Cette pensée est soutenue par les lexiques grecs, qui définissent asélgéïa (et d’autres formes de ce mot) comme désignant des “actes scandaleux”, “la licence, la violence éhontée”, “l’insolence”, “les injures vulgaires”, la brutalité (Lidell et Scott) ; “Les excès, l’intempérance en toutes choses, par exemple, en paroles et en conduite, l’insolence” (Robinson) ; “la luxure débridée, (...) le scandale, l’impudicité” (Thayer) ; “le mépris de la loi insolent et éhonté” (Trench).
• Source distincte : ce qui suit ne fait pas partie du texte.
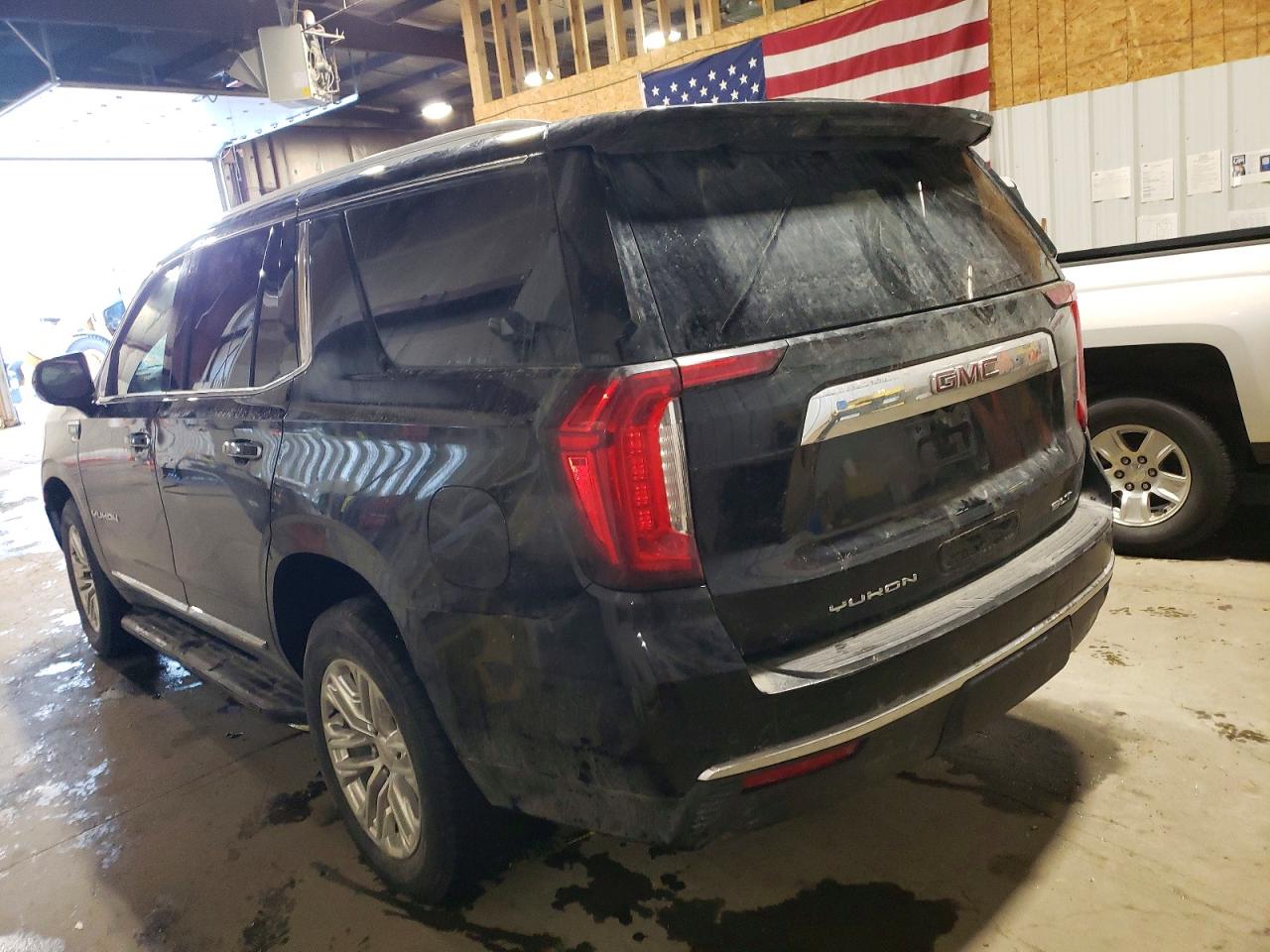 2021 GMC Yukon VIN 1GKS2BKD8MR248713 photo 2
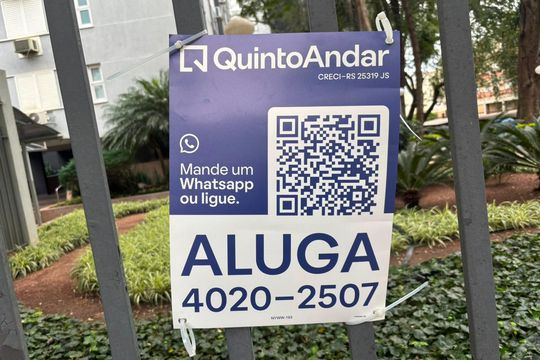 Plaquinha Instalada código NYWW-193 de apartamento para alugar com 3 quartos, 120m² em Mont’serrat, Porto Alegre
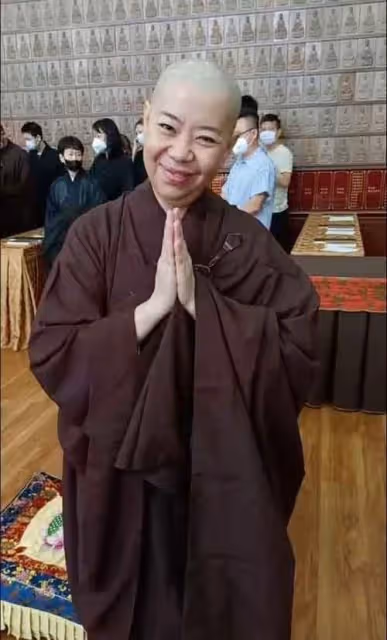 55歲王祖賢素顏現身海外寺廟，穿僧袍雙手合十，身材發福仍優雅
Un lexique (A New Testament Wordbook) de Barclay déclare : “[Asélgéïa] est utilisé par Platon dans le sens d’‘impudence’. (...) On la définit comme la ‘violence associée à l’injure et à l’effronterie’. (...) Elle est décrite comme, ‘l’esprit qui ne connaît aucune restriction et qui ose faire ce que suggère le caprice ou l’insolence la plus grande’.”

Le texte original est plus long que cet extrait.